Read the full Provost report on how UW faculty are enhancing teaching with technology.

Tracey Haynie: Keeping students on track with “electronic nudges” through their mobile devices

Tracey Haynie
“Many students said they found the reminders about due dates to be extremely helpful, and the other thing they specifically mentioned loving were the motivational texts. It gave them a little boost to study harder, or go find a study group to meet with.”

Tracey Haynie
Lecturer, Interdisciplinary Arts and Sciences, UW Tacom

Ms. Haynie, a statistics lecturer in the Interdisciplinary Arts and Sciences department at UW Tacoma, is teaching the first online math classes at the Tacoma campus, with one section of pre-calculus, and another of section of introductory statistics. She notes, “As most people would agree, math is a tricky subject, and we knew it would be a challenge.”

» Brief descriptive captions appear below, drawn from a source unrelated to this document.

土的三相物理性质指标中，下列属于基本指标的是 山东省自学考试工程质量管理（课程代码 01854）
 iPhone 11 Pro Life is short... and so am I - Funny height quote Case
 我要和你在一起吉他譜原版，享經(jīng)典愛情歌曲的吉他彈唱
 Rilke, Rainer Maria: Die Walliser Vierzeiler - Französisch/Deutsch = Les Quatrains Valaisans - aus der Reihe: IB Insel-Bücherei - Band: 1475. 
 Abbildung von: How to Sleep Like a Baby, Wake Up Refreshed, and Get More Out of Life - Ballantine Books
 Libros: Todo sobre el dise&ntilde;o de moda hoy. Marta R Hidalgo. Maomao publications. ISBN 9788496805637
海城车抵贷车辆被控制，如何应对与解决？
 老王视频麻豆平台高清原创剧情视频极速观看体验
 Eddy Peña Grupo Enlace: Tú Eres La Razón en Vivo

Keeping students on track: She has been piloting a tool called Persistence Plus, which gives students electronic ‘nudges’ via their mobile device — about due dates, upcoming quizzes and exams, and motivational text messages. She says, “The initial set up was not too difficult.”

Student reactions: “I have only heard positive feedback from students. Many students said they found the reminders about due dates to be extremely helpful, and the other thing they specifically mentioned loving were the motivational texts. It gave them a little boost to study harder, or go find a study group to meet with.”

Access: “With a growing number of military personnel and older students returning to earn a degree, we felt it was critical to offer them a variety of options to fit their schedules and lifestyles.”

Advice: “Just try it! It doesn’t have to be permanent, and if you try it and decide your students don’t benefit from it, then you can scratch it.”

Links: Educause Review online article about the pilot, “Analytics, Nudges, and Learner Persistence”, by Tracey Haynie, Jill Frankfort, Kenneth Salim, and Colleen Carmean

Learn More

Read the full Provost report on how UW faculty are enhancing teaching with technology.

Nita McKinley: Increasing student participation by going online

Nita McKinley
“I find it difficult to have any meaningful discussion in a large class; frequently, just a few students participate and the majority are silent. By adding an online component where students worked in small groups, I believe more students were much more engaged in the discussion.”

Nita McKinley
Associate Professor, Interdisciplinary Arts and Sciences, UW Tacoma

Dr. McKinley, an associate professor of Psychology in the Interdisciplinary Arts and Sciences department at UW Tacoma, was a 2012 Tech Fellow and taught “Lifespan Development” (TPSYCH 220) as a hybrid course in 2012. She says: “For me, this was an intermediate step toward learning to do it online” and as of winter quarter 2013, she is teaching the course completely online. She adds that she plans to convert her class “Body Image and the Psychology of Appearance” (TPSYCH 405) to a hybrid course next year.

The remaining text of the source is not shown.